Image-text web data
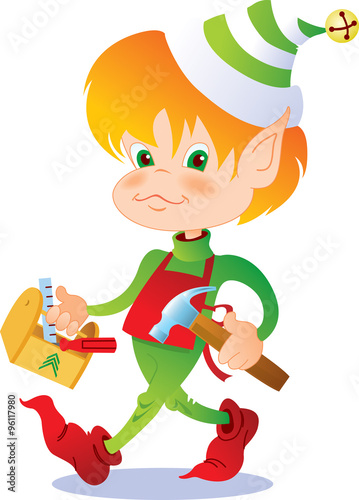 Busy Christmas elf carrying a toolbox and hammer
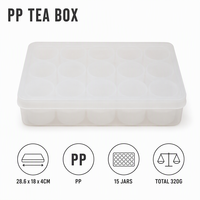 Boîte à thé en PP Yunuoxi 28,6x18x4cm avec 15 pots en plastique, organisateur de rangement pour thé, boîte à épices, vente en gros d'usine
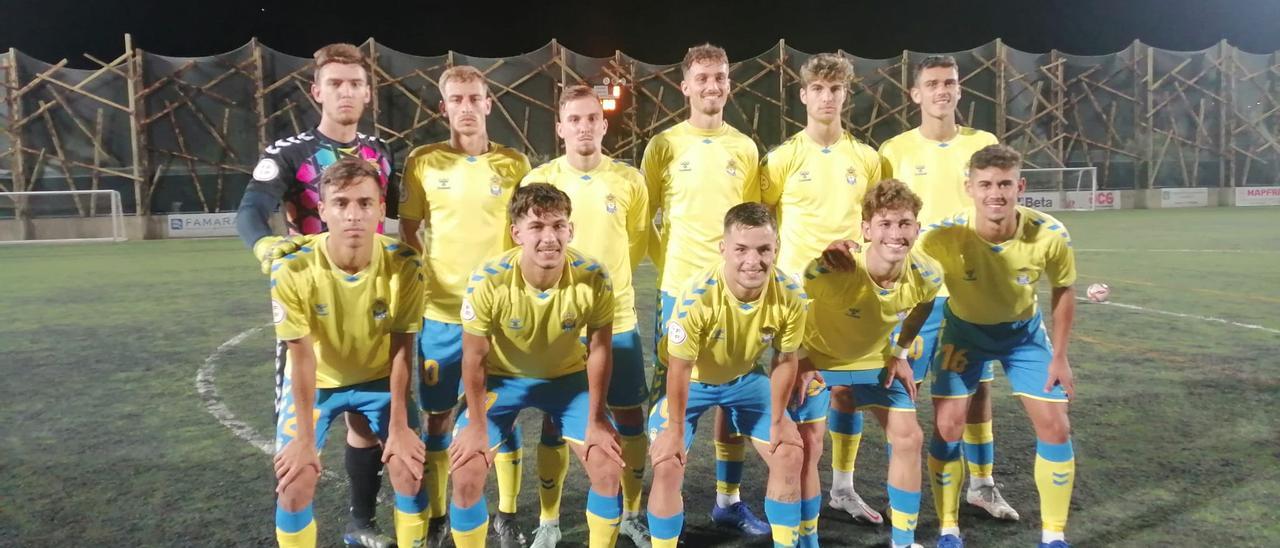 Formación inicial de Las Palmas C en el choque de ayer en Los Olivos ante el Villa de Santa Brígida.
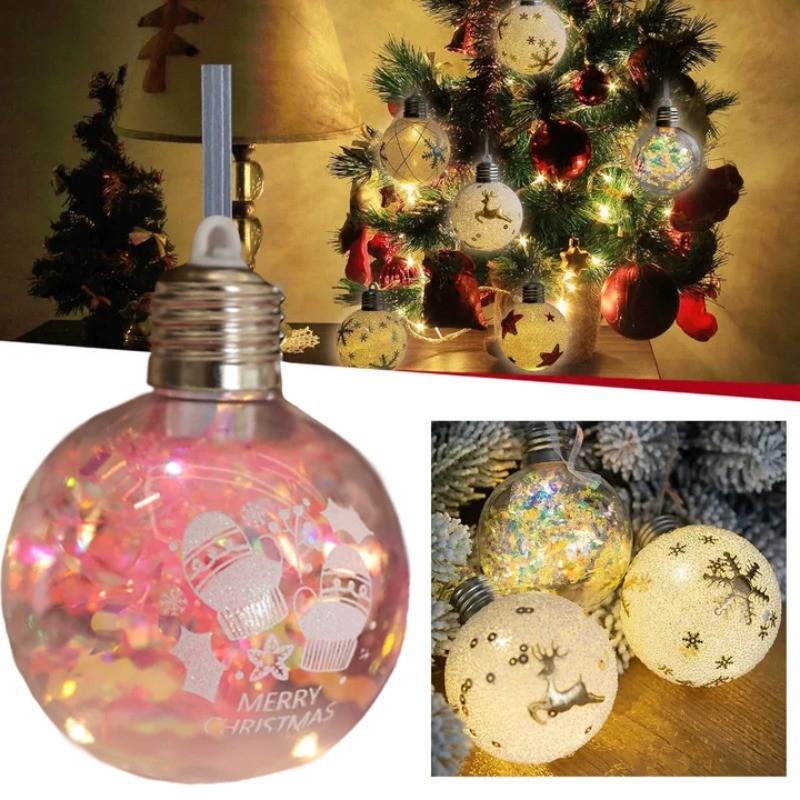 Christmas Glowing Ball Light Ornaments Led Lightup Balls Pendant For Xmas Tree Hanging Decorations New Year Navidad Decor Gifts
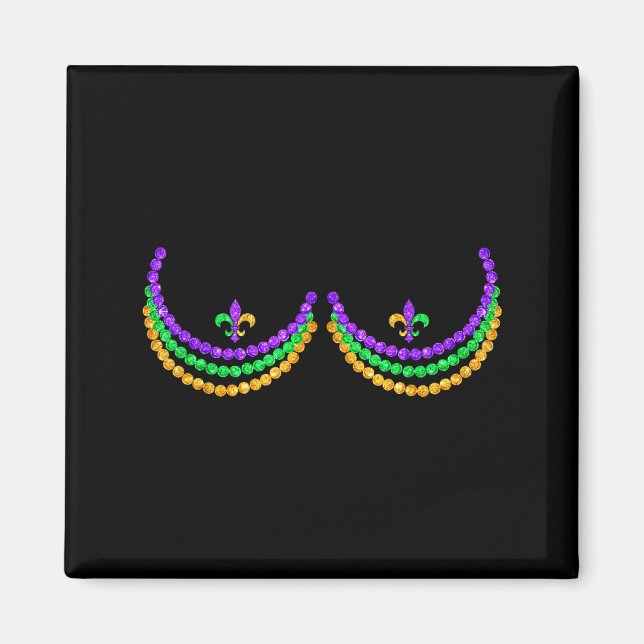 Shirt Mardi Gras Funny Beads S Outline Costume Hum Magnet (Framsidan)
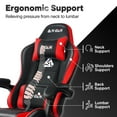 thumbnail image 5 of CELTOSS Red Office Gaming Chair with Footrest & Lumbar Support, Ergonomic Adjustable Computer Chair with Swivel Seat & Headrest, 5 of 12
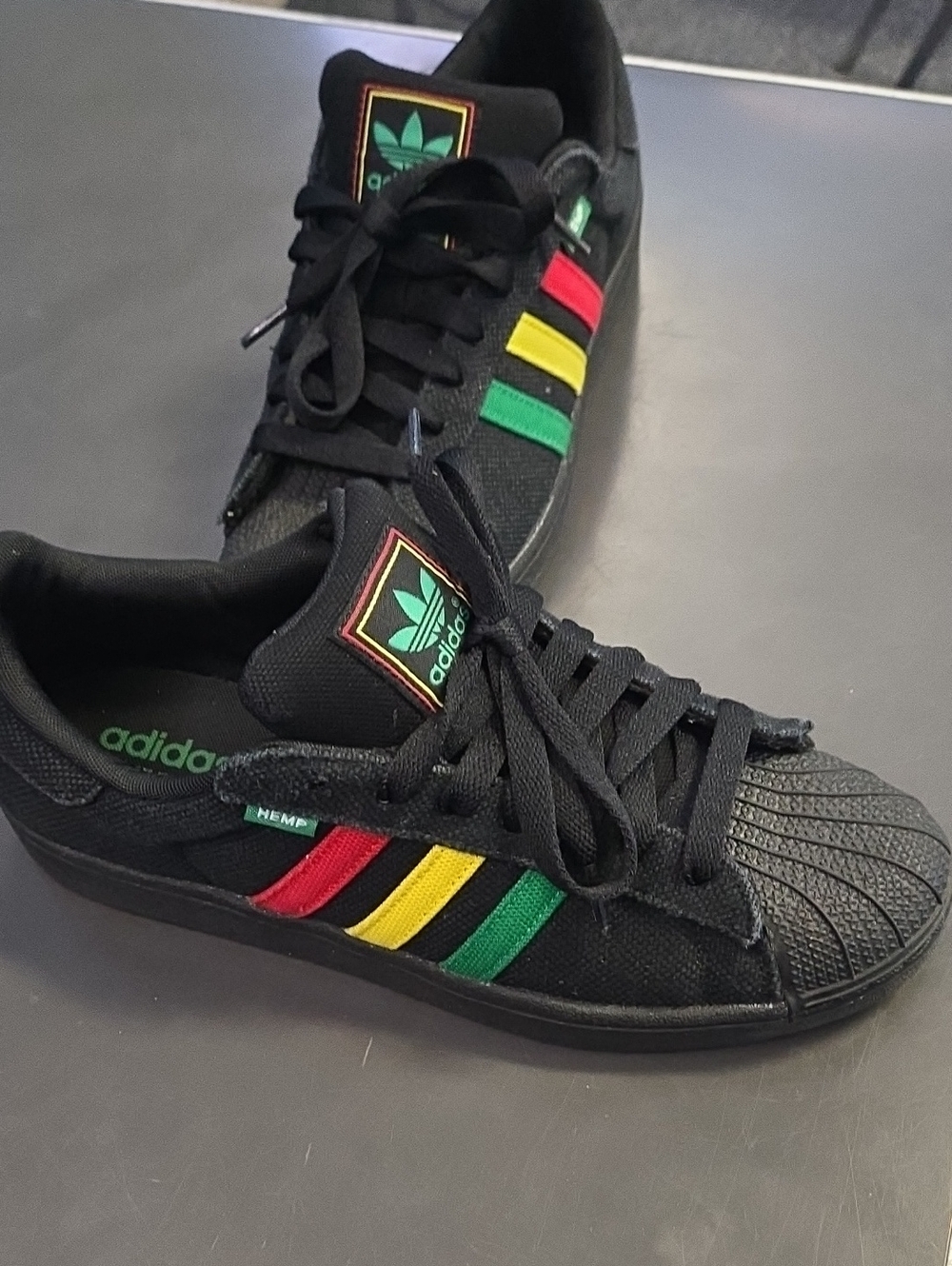 RARE adidas Black Sneakers with Green, Yellow & Red Accents - Picture 3 of 8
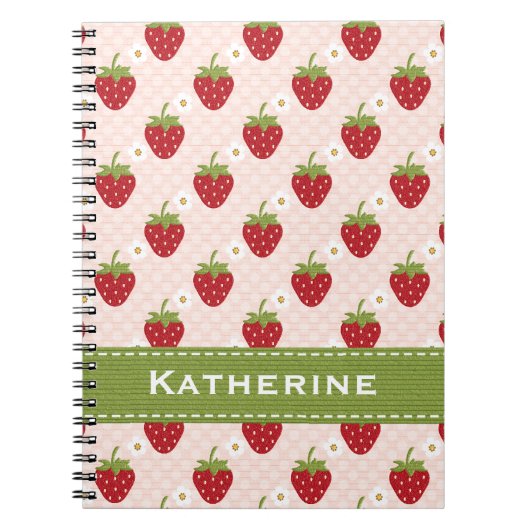 Roze Strawberry Spiral Notebook Journal Notitieboek (Voorkant)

TRY IT — Please transcribe exactly the part of the records that opens with the line containing "Boîte à thé" and closes with the line containing "Formación inicial de", both ends included, and leave out the pictures.

OUTPUT OF THE EXERCISE —
 Boîte à thé en PP Yunuoxi 28,6x18x4cm avec 15 pots en plastique, organisateur de rangement pour thé, boîte à épices, vente en gros d'usine
 Formación inicial de Las Palmas C en el choque de ayer en Los Olivos ante el Villa de Santa Brígida.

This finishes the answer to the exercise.